## [Captioned web image data]
───

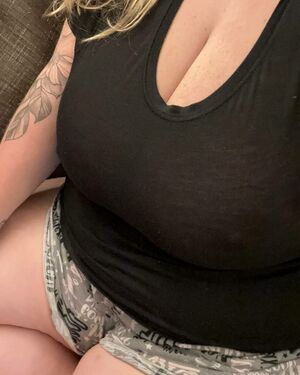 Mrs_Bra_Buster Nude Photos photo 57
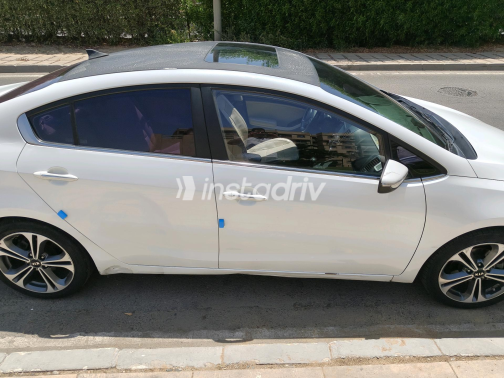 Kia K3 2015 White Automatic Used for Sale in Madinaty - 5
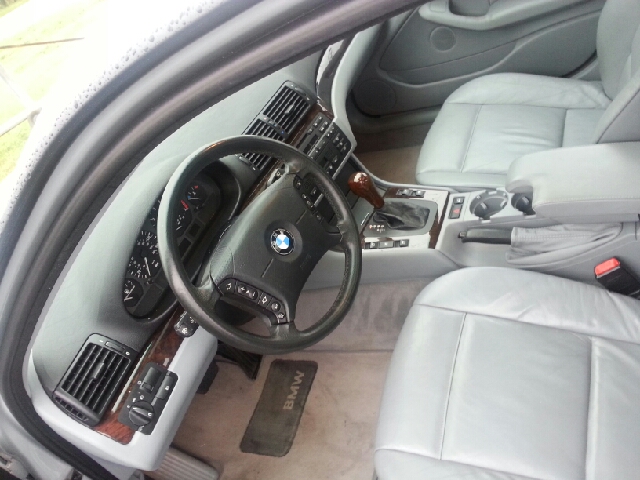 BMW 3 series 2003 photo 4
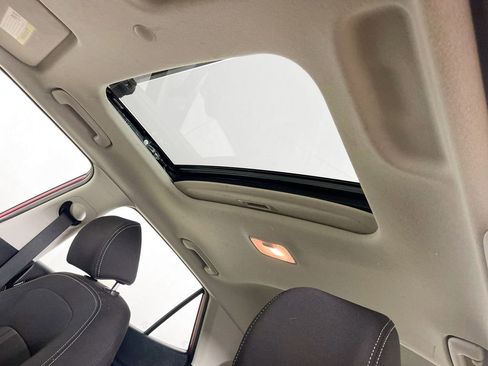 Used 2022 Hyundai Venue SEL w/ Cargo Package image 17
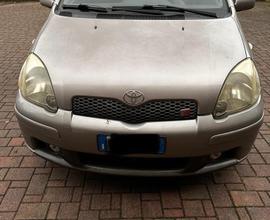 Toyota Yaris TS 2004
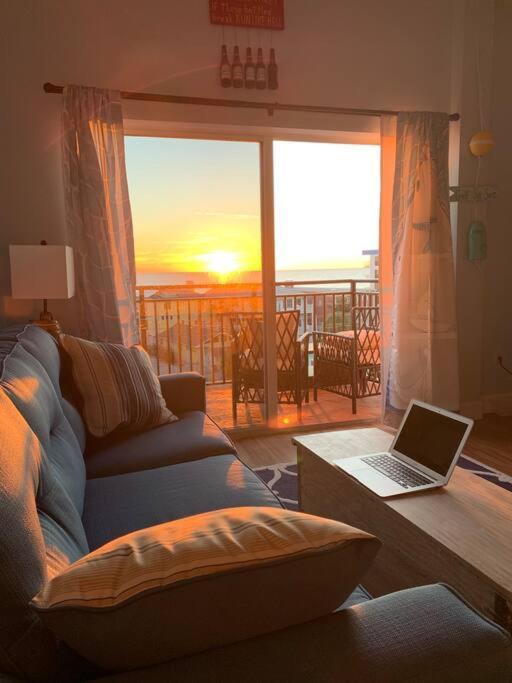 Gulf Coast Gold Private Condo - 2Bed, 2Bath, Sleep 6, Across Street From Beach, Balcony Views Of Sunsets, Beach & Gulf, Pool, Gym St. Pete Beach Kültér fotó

───

Only the lines from the one containing "Toyota Yaris TS 2004" through the last line of the entries above belong in the copy; reproduce them exactly and drop every picture.

## [Exercise response]
 Toyota Yaris TS 2004
 Gulf Coast Gold Private Condo - 2Bed, 2Bath, Sleep 6, Across Street From Beach, Balcony Views Of Sunsets, Beach & Gulf, Pool, Gym St. Pete Beach Kültér fotó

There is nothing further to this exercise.